最初のスペースでは、フェラガモが靴づくりを始めた幼少期と修行時代、創業初期を数多くの伝記や写真と共に展示する。フェラガモは1898年、イタリア南部の田舎町ボニートの貧しい農家に生まれた。6歳で妹が教会へ履いて行くための靴を作った。その後、家庭の経済的事情から小学校を3年で中退し、ナポリの靴職人のもとで修行を始めた。

11歳で地元ボニートで靴屋を開業して繁盛するも、田舎町での靴づくりに限界を感じ、わずか15歳で渡米を決意する。カリフォルニア州サンタバーバラに靴の修理とオーダーメードができる“ハリウッド・ブーツ・ショップ(Hallywood Boots Shop)”を開くと、ハリウッドの映画業界に従事していた従兄弟の知人である映画関係者が訪れるようになり、評判を呼んだ。
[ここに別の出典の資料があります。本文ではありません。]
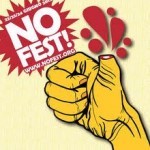 nofest!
数々の名優の靴を手掛けて“スターの靴職人”と呼ばれるまでに成長し、1923年に量産靴を販売する旗艦店をハリウッドにオープンした。

回顧展の壁に描いた格子柄は、その店での靴の陳列方法に現代的な解釈を加えて再現したもの。ハリウッドスターを顧客に抱えて靴職人として励む傍ら、南カリフォルニア大学の夜間コースに通って解剖学を学び、一人ひとりの足に合った、履き心地のいい靴づくりを研究した背景から、努力家であった一面が垣間見える。

映画館を模した2つ目のスペースでは、ハリウッド映画の衣装として制作した靴に焦点を当てる。ヒールにハンドペイントを施したヴィクトリア調のパンプスや、古代エジプトを舞台にした作品用のグラディエーター、若く美人な娼婦役ヒロイン用のセンシュアルなヒールシューズなど、物語の一部となる靴づくりに取り組んだ。衣装としての靴制作がハリウッドで評価を高め、同時に創造性も磨かれていったのだろう。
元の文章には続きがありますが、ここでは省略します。